▸ HOW TO COMPLETE THIS TASK:
Retype, word for word, only the lines from the one containing "Mendiant - Theo van Doesburg" through the last line of the listing below. Pictures do not belong in the result.

▸ SUPPLIED ENTRIES:
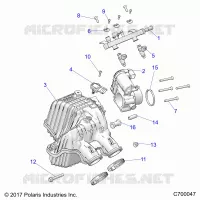 ENGINE, LUFTEINLASS MANIFOLD, THROTTLE BODY, FUEL RAIL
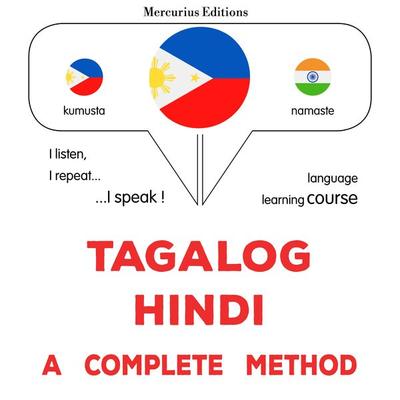 Tagalog - Hindi : a complete method - James Gardner, Audio, 9782821175884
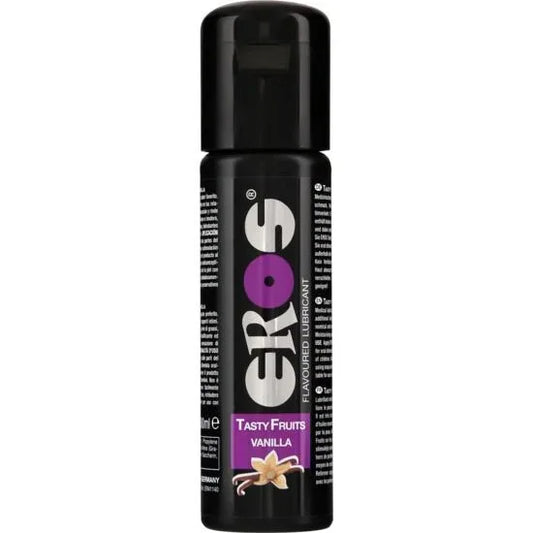 Eros – Lubrifiant Fruits Saveurs Vanille 100 ml – Sensations Intenses & Excitation Maximale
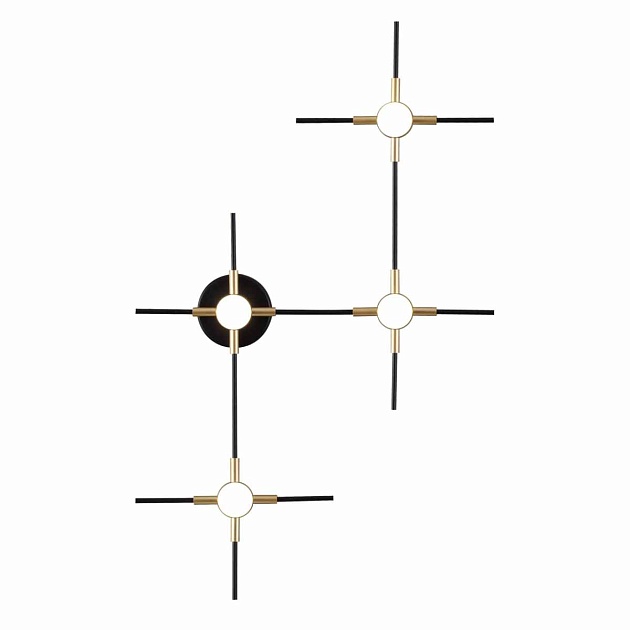 Настенный светодиодный светильник Odeon Light L-vision Costella 3906/14WL Фото № 3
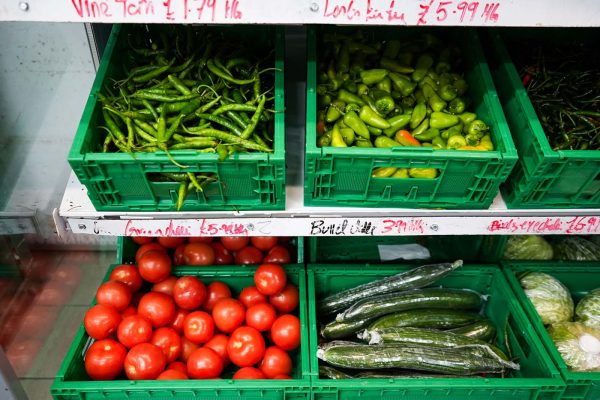 fresh vegetables and chillis walsall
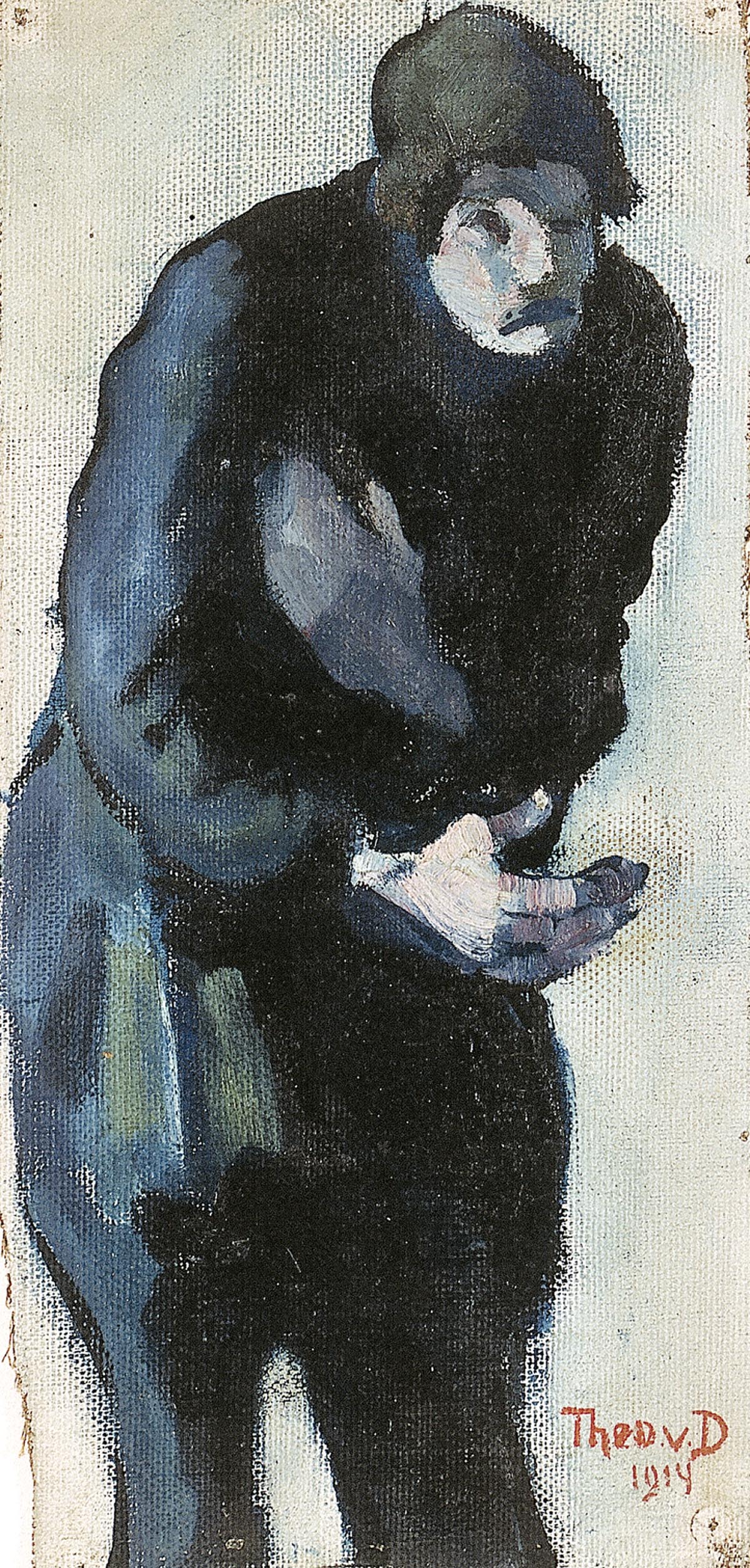 Mendiant - Theo van Doesburg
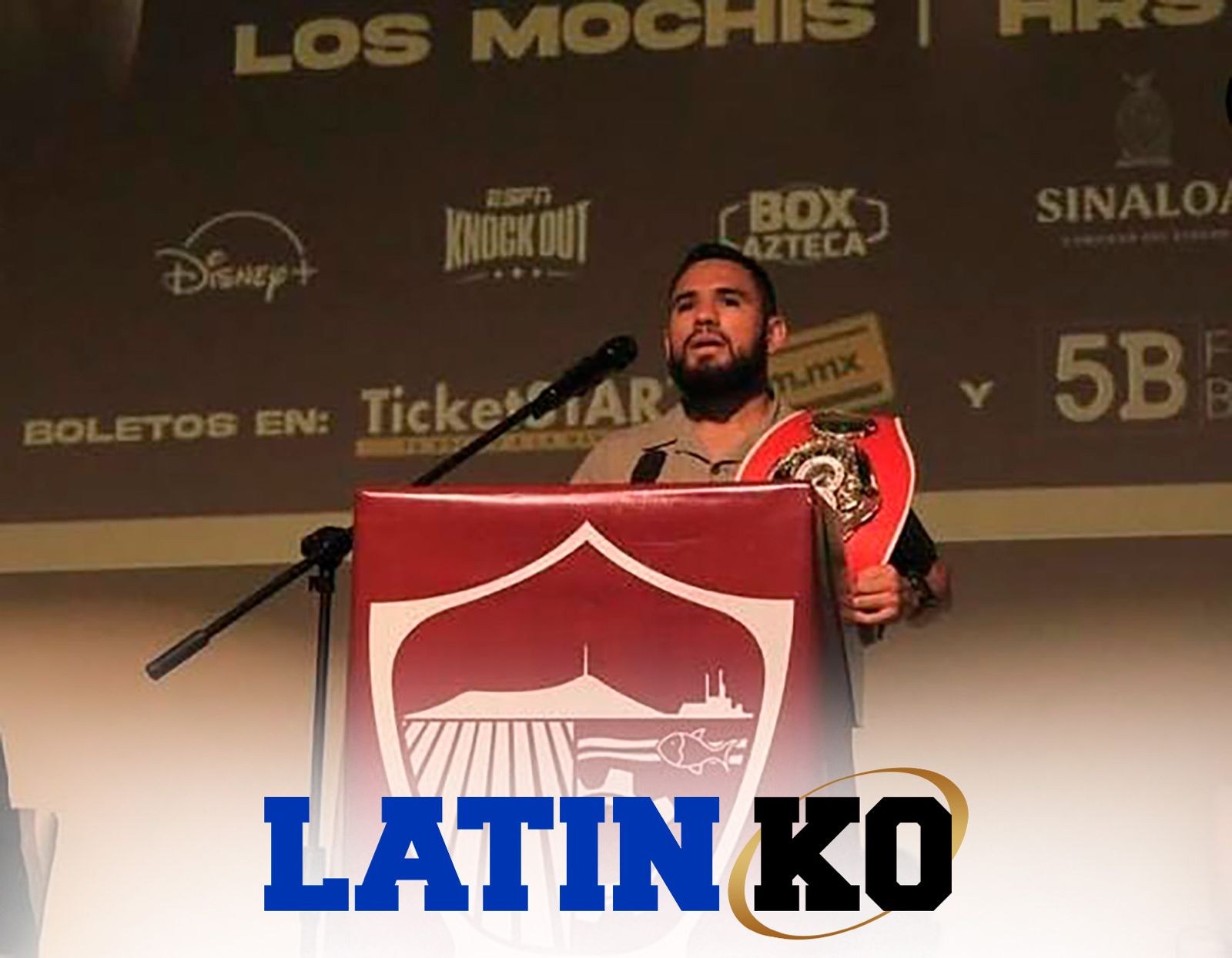 ‘SUGAR’ NÚÑEZ, EL CAMPEÓN SE ESTRENA EN CASA Y PROMETE ESPECTÁCULO 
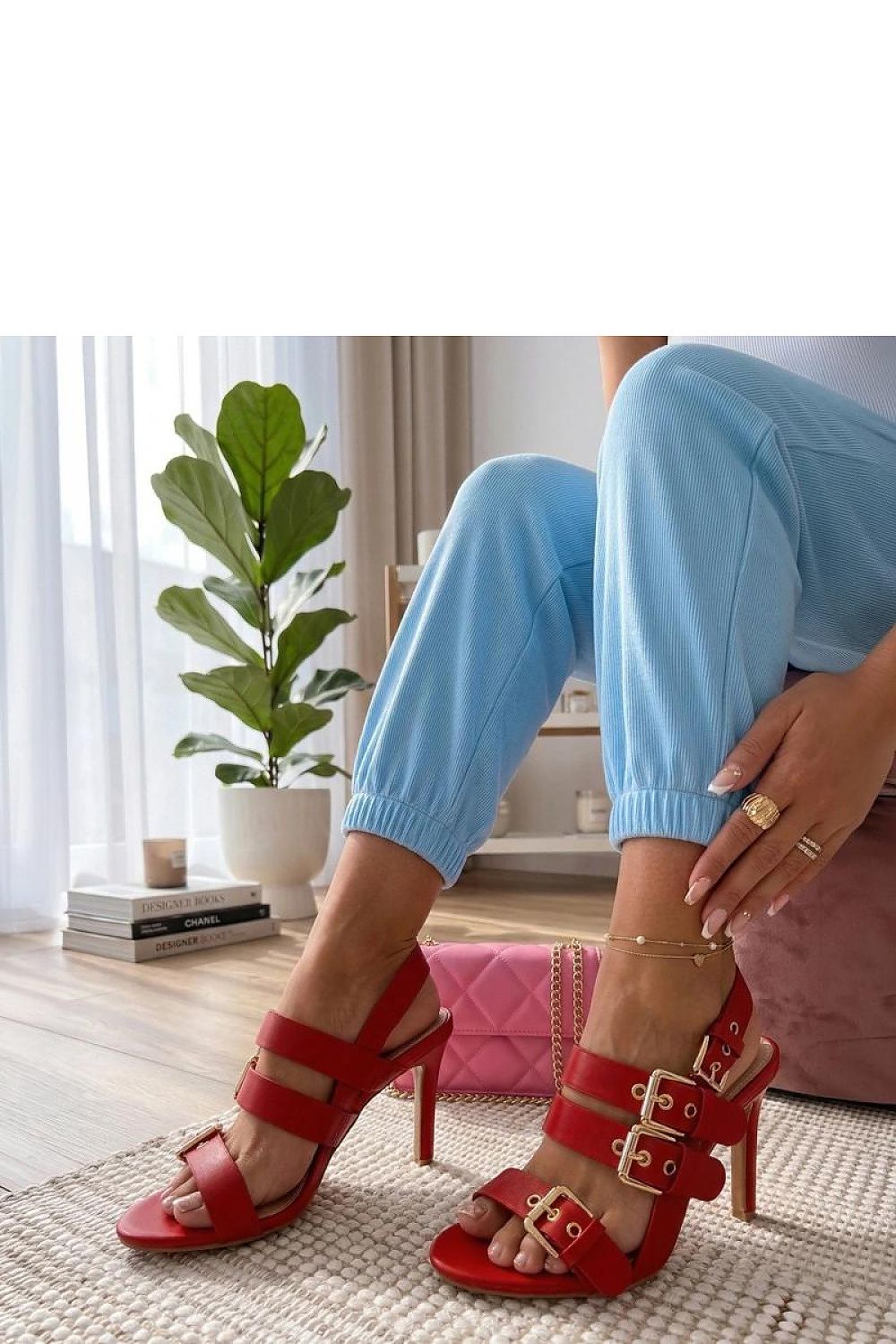  sandalen op hak model 227276 Solea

▸ TASK RESULT:
 Mendiant - Theo van Doesburg
 ‘SUGAR’ NÚÑEZ, EL CAMPEÓN SE ESTRENA EN CASA Y PROMETE ESPECTÁCULO 
  sandalen op hak model 227276 Solea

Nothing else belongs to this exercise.